“If you always have to wait for the election where you don’t know what the outcome would be, lest you be accused of deceit, nothing gets done,” he added.
By adding “and their successors” to the contract, East Central and Northeast were putting the contract terms in black and white, Bracken said. Although, their successors would have been contractually bound regardless of the addition or omission of the phrase.
Ultimately, Easton Valley should have to honor the whole-grade sharing agreement because successors take on the assets and liabilities of their predecessors, Bracken said.
Bracken also argued McKenrick would be setting a dangerous precedent if he ruled Easton Valley did not have to honor the agreement.

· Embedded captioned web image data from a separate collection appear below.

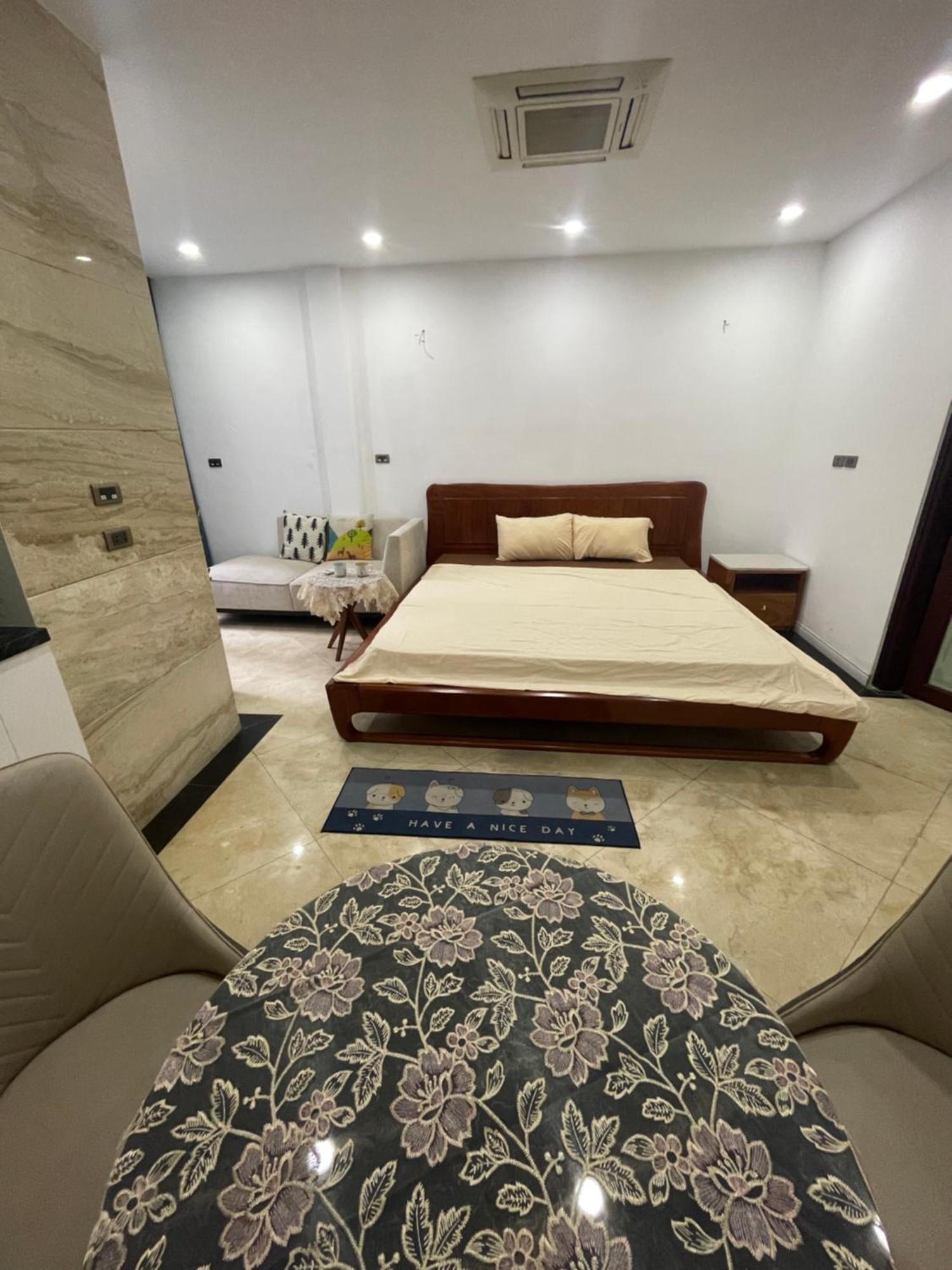 67111 Cozy Close Ho Tay Khách sạn hẻo lánh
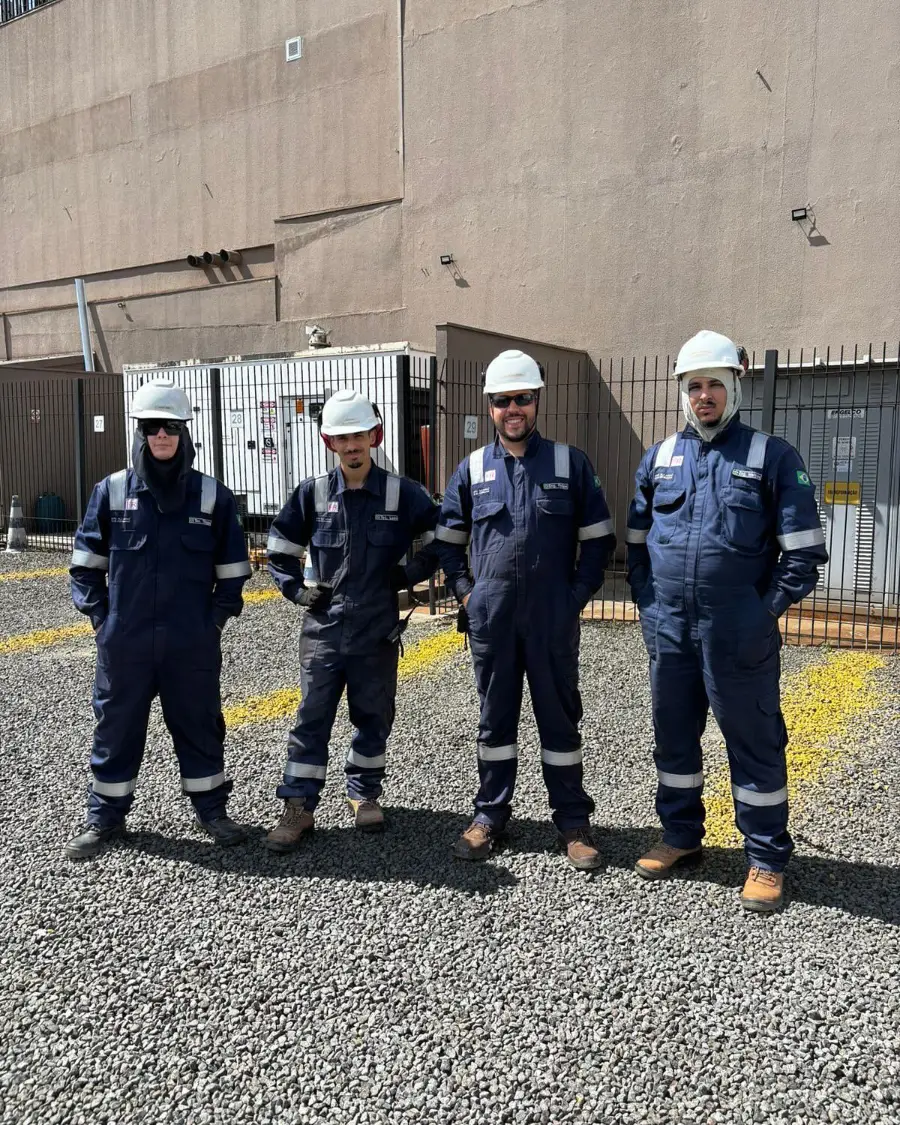 Equipe da Hexa com vestimentas antichama em subestação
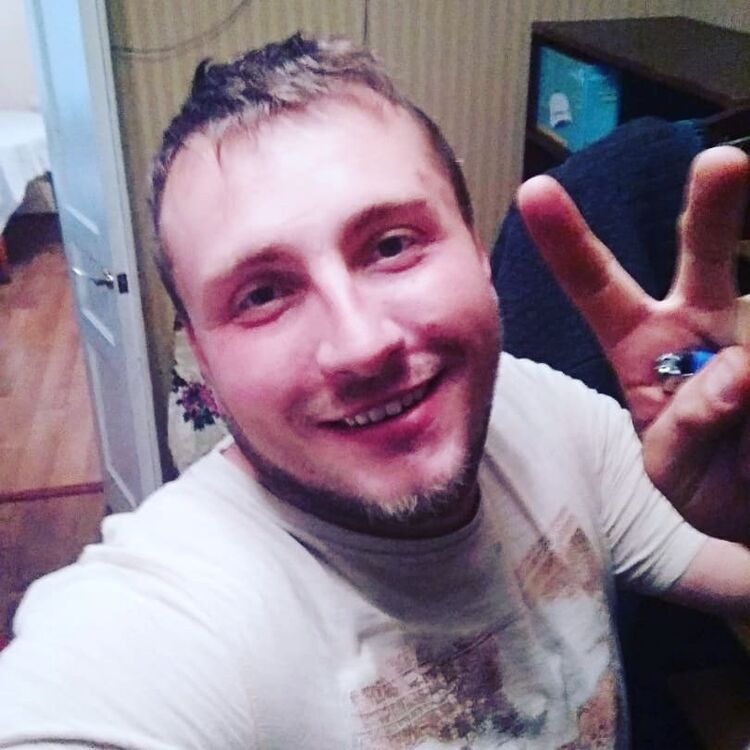  ,   Serj, 34 ,   ,   , c 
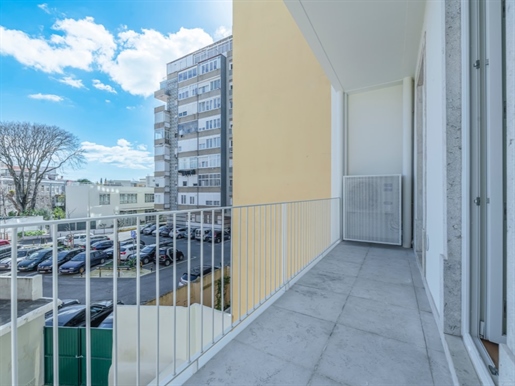 Apartamento novo com 2 quartos, Varanda, Campo de Ourique - Lisboa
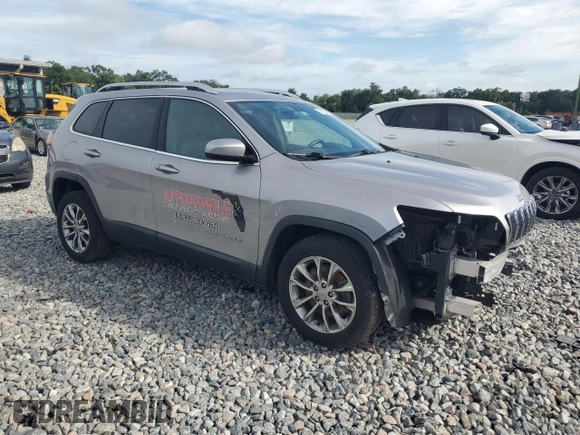 2019 Jeep Cherokee Latitude Plus with VIN 1C4PJLLB7KD202453, listed as a Copart auction lot 61230555 with 141,830 mi miles and Non repairable. Bid and sale history available at DreamBid. Image 4.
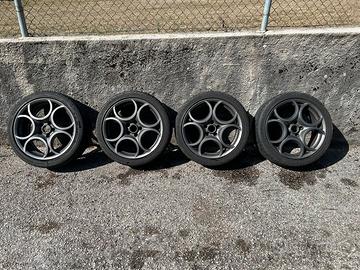 Cerchi in lega alfa giulietta 18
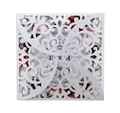Elegante invitación de boda blanca cortada con láser con acabado perlado y tarjetas internas - Blanco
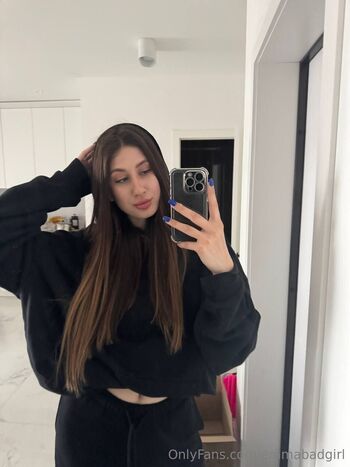 emmabadgirl nude photo #9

“It would essentially invalidate Iowa Code 28E,” Bracken said. “Whole-grade sharing is essentially dead if one school board cannot bind a future school board to a whole-grade sharing agreement.”
If the court ordered Easton Valley to adhere to the whole-grade sharing agreement, Northeast would not make all Easton Valley students who live in Miles or Sabula attend classes at Northeast, according to Bracken. Under the formal requirements dictated by the agreement, those Easton Valley students would have to open enroll out of Northeast to attend at their home district.
McKenrick is taking the motion under consideration. Gruhn told the more than 40 East Valley community members who attended Wednesday’s hearing that the ruling would likely not come for another two months.
In the meantime, the whole-grade sharing agreement won’t be in effect.
On Tuesday, McKenrick denied a motion made by Northeast to institute an immediate injunction that would have forced Easton Valley to temporarily honor the whole-grade sharing agreement.
The case is set to go to trial in January.